Memories made in the coldest winter
Goodbye, my friend, I won't ever love again
Never again

it shouldn't of really bothered me much, but it still does. I like to tell myself how, "Yeah fuck this shit. I don't need her or anything." making a fake facebook account only to marry Excedrin (drug etc) in a joking fashion. But at the same time, it still bothers me. Alot of it does. How it went down, the unfinished feeling there is about it. My sudden frustration with the whole thing in itself. Probably my sexual frustration of not enjoying any sort of "anything" for almost half a year now. I mean what am i to say that anyway. Never had sex. Only group oriented pleasuring. There was never any penetration, and i can sit here and say I need to get laid.

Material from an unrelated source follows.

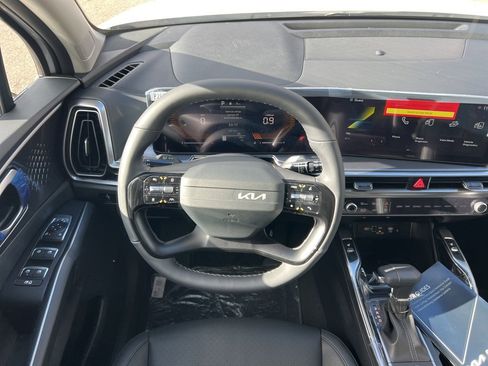 New 2026 Kia Sorento S w/ S Panoramic Sunroof Package image 10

You know. Maybe thats what it is. Maybe i DO need to get laid. I always hated that suggestion, and I could never see myself to just pine up some random girl i meet up at a bar (because i totally do that.) It's not how i roll. I want to save my pleasure and contact with someone i know i can trust and know that I can be happy with. It's a shame that everyone who i've trusted my body to had ended up failing me in the end. Not that its their fault I guess, hormones are wonderful curses, its not their fault they need to be loved by others when the one they wanted more is not around. Though what do i know.

I think my caffine bush is dying down at last. My wife does terrible things to my body.